How much would you pay for one of these TetraHz processors?
[sub]whispers from side of mouth [sub]How many you got?[/sub][/sub]
TetraHz? Wasn’t that the original PC? 4.77 hz?
You mean TeraHz.
Well, the OP is pretty baffling, but if I got the gist of it, people have tried various interesting topologies and architectures for creating massively parallel processors.
The Connection Machine (Hillis) is fairly close to what you’re describing with a large number of fairly low-powered processors connected together operating, I think, in a Single Instruction, Multiple Data (SIMD) mode. Those things are hard to build, very hard to program, and, because they use proprietary chips and architecture, they don’t get the economy of scale that you get from using say, a whole bunch of Intel’s latest chips. So the fabrication process used is always a generation or two behind the current state of the art which tends to negate a considerable amount of the performance gain that you get from the parallelism.
The Kendall Square Research machine was a massively parallel multiprocessor machine that had a high degree of granularity and used lots of cache memory to simulate shared memory multiprocessing. Their timing was bad – they came out just about the same time that chip technology was advancing (very rapidly) from '486 to Pentium and beyond. Their decision to use custom chips (see above notes about fabrication) and (as I recall) a certain lack of candor in regards to stating their financial results did them in.

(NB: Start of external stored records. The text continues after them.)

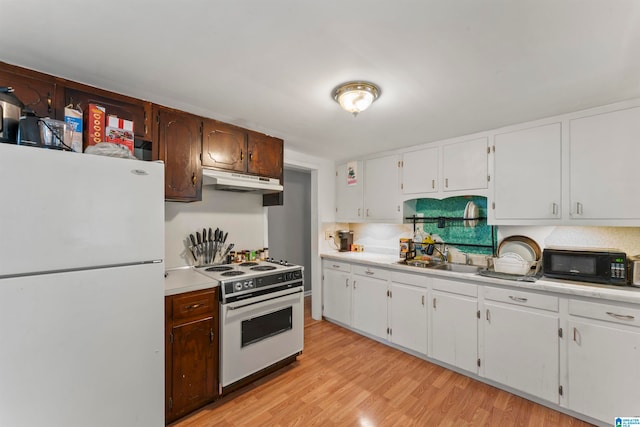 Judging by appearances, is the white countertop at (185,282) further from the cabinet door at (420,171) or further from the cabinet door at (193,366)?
the cabinet door at (420,171)

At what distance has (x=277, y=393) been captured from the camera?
213cm

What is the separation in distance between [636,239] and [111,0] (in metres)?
3.61

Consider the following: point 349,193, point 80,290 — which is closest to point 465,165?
point 349,193

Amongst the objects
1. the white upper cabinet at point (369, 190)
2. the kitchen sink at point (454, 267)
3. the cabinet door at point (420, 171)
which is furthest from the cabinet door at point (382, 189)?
the kitchen sink at point (454, 267)

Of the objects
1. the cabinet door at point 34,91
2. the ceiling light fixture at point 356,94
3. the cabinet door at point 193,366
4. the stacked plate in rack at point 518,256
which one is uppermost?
the ceiling light fixture at point 356,94

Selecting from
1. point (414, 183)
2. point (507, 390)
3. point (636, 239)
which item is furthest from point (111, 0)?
point (636, 239)

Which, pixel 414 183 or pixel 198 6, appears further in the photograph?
pixel 414 183

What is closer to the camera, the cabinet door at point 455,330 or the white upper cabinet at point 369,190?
the cabinet door at point 455,330

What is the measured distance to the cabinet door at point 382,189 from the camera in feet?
10.5

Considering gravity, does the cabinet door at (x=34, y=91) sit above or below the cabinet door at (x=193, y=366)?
above

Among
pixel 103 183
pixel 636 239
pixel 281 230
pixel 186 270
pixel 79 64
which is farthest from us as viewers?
pixel 281 230

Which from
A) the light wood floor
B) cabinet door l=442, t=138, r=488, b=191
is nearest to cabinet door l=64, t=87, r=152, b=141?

Now what the OP is asking is why don’t we put similar architectures on a single chip? Well, you’d gain quite a bit in terms of communication ability between adjacent processors, but that still only gives you a topology in which each processor is connected to maybe six other processors. Compared to say, human neurons, that’s not very interesting. Probably not worth the added fabrication difficulties vs just using a bus and accepting the communication latencies in exchange for more interesting topologies. And as other people have noted, you’d have enormous problems with heat dissipation and the ratio of good chips vs rejects would probably become exponentially worse.